Code review
What to look for in a code review
Design
- Do the interactions of various code changes make sense?
- Does it integrate well with the rest of the system? For example, a piece of code can be extracted to allow it to be used by other developers?
- Does the changes break certain design principles such as SOLID?
Functionality
- As a code reviewer, always think of edge cases, look for concurrency issues, try to think like a end user, and making sure there is no bugs just by reading the code.
- Validate UI changes.
- See if there is any sort of parallel programming going on can cause deadlocks or race conditions.
Complexity
- Is the changes too hard to understand for code reviewer?
- Avoid over-engineering, where developers make changes more generic than it needs to be.
- Functionalities that not presently needed by the system.
- Encourage developers they know that needs to be solved now rather than the problem developers speculate might need to be solved in the future.
Test
- Ask for unit, integration, end-to-end tests for the changes. Tests should be added unless it is emergency problem.

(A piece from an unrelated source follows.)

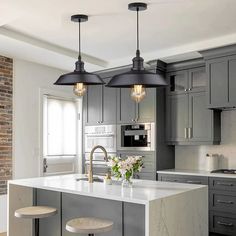 a kitchen island with two stools next to it and lights hanging from the ceiling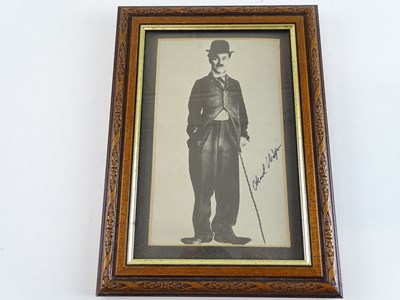 Lot 122 - A framed, signed black/white photograph of...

- Make sure the tests are sensible and useful.
- Remember tests are also part of code has to be maintained, avoid complexity in tests.
Naming
- Good naming for everything?
- A good name is long enough to fully communicate what it is or does.
Comments
- Are comments clear in understandable english?
- Comments are useful to explain why some code exists, and should not explain what the code is doing.
- Exceptions include regular expressions and algorithms.
- Comments are different to documentation.
Style
- Make sure certain style is followed.
- Style changes (fix formatting)0 should not mix with other changes.
Documentation
- If code change how users build, test, interact or release code, check if appropriate documentation, including READMEs also need updating.
Context
- It is helpful to look at the changes in a broad context, not just the changed lines.
- Think about the changes in the context of the system as a whole. Does it improve the code health of the whole system or does it make it more complex, less tested etc.?
Good things
- If you see something nice in the changes, especially they addressed one of your comments in a great way, tell the developer.
- Code reviews mostly focus on bad things, but they should offer encouragements and appreciation for good practices.
Summary
- The code is well-designed.
- The functionality is good for the users of the code.
- Any UI changes are sensible and look good.
- Any parallel programming is done safely.
- The code isn’t more complex than it needs to be.
- The developer isn’t implementing things they might need in the future but don’t know they need now.
- Code has appropriate unit tests.
- Tests are well-designed.
- The developer used clear names for everything.
- Comments are clear and useful, and mostly explain why instead of what.
- Code is appropriately documented (generally in g3doc).
- The code conforms to our style guides.